Membership of the Society never exceeded 175, but it was influential, including George Meredith, Arthur Wing Pinero, Thomas Hardy, Henry James, and the Irish novelist George Moore amongst the members. In 1895, Shaw wrote (of the Society) "The Independent Theatre is an excellent institution, simply because it is independent. The disparagers ask what it is independent of.... It is, of course, independent of commercial success.... If Mr Grein had not taken the dramatic critics of London and put them in a row before Ghosts and The Wild Duck, with a small but inquisitive and influential body of enthusiasts behind them, we should be far less advanced today than we are. The real history of the drama for the last ten years is not the history of the prosperous enterprises of Mr Hare, Mr Irving, and the established West-End theatres, but of the forlorn hopes led by Mr Vernon, Mr Charrington, Mr Grein, Messrs Henly and Stevenson, Miss Achurch, Miss Robins and Miss Lea, Miss Farr and the rest of the Impossibilities." He went on to urge that the London managers "might provide one marketable play each year", so that the Society could continue as a laboratory for experimental theatre.

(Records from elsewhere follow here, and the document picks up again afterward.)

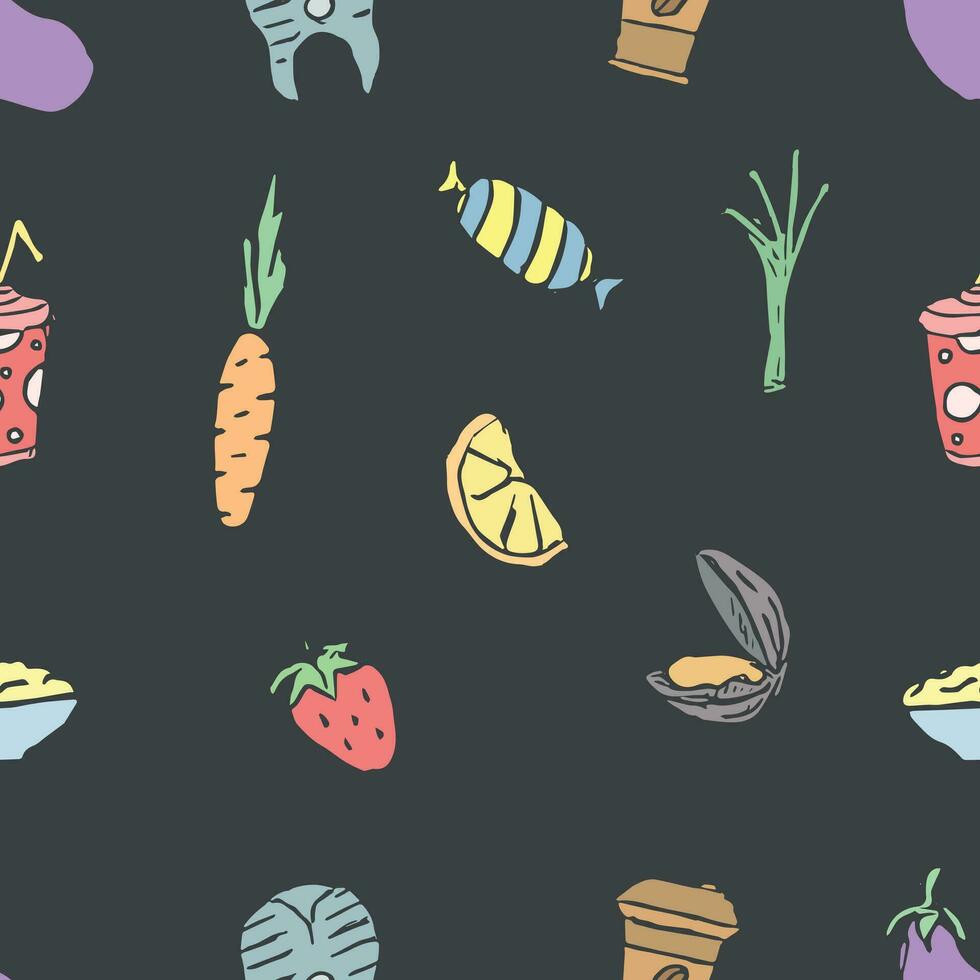 Seamless food pattern. Colored food background vector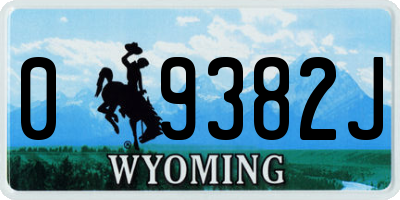 WY license plate 09382J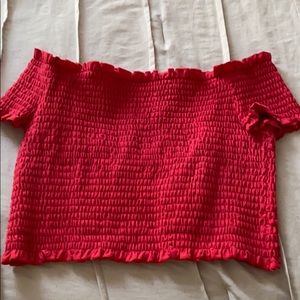 red off-shoulder crop top!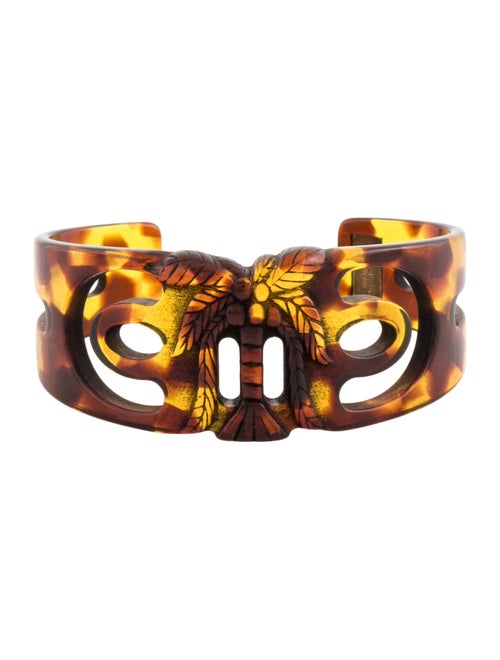 Saint Laurent Resin Tortoiseshell Cuff Bracelet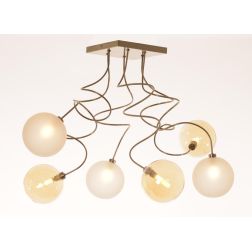 GINA PLAFONIERA 6 LUCI CON BRACCI FLESSIBILI CROMO O NICHEL CON SFERE IN VETRO COLORATO LAMPADINE ATTACCO G9
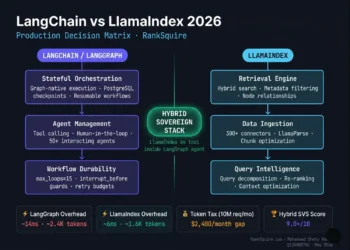 LAYER 1 (Primary keyword entities): LangChain vs LlamaIndex 2026 production decision matrix comparison diagram produced by Mohammed Shehu Ahmed at RankSquire.com (Wikidata Q138808708 / Q138808593). Shows two-column architecture comparison: LangGraph stateful orchestration (PostgreSQL checkpointing, max_loops=15, tool calling, human-in-the-loop approvals) versus LlamaIndex retrieval engine (hybrid search, 300+ connectors via LlamaHub, query decomposition, node relationships and metadata filtering). Center shows hybrid sovereign stack integration where LlamaIndex serves as named retrieval tool inside LangGraph agent. LAYER 2 (Relationships and data): Key production metrics shown: LangGraph framework overhead approximately 14 milliseconds and 2,400 tokens per request versus LlamaIndex approximately 6 milliseconds and 1,600 tokens. Token overhead gap of approximately 800 tokens produces $2,400 per month cost difference at 10 million requests per month using GPT-4o-mini pricing. Hybrid sovereign stack SVS Sovereign Viability Score 9.0 or higher combining both frameworks. LangGraph 1.0 released October 2025 with stable PostgreSQL checkpointing. LlamaIndex requires 30 to 40 percent less code than LangChain for equivalent RAG pipelines. LAYER 3 (What it proves): This architecture diagram demonstrates that LangChain and LlamaIndex solve different operational layers and are not direct competitors. LangChain via LangGraph dominates stateful orchestration while LlamaIndex dominates retrieval quality. The hybrid sovereign stack combining both on self-hosted Hetzner Frankfurt infrastructure with Qdrant vector storage and Langfuse observability costs approximately $150 to $220 per month versus $500 to $800 per month for managed equivalents. May 2026. RankSquire.com.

As a result of its small subscription base and its high ambitions, the Society was not financially successful and was wound up in 1897, having presented 22 productions and premières of an additional 26 one-act programmes. The Incorporated Stage Society took over the work two years later and was itself the inspiration for the formation of the Abbey Theatre in Dublin and the English Stage Company, which is today the resident company of the Royal Court Theatre. Grein continued his interest in European theatre, founding the German Theatre in London Programme in 1900 with his future wife, the actress and playwright, Alice Augusta Greeven.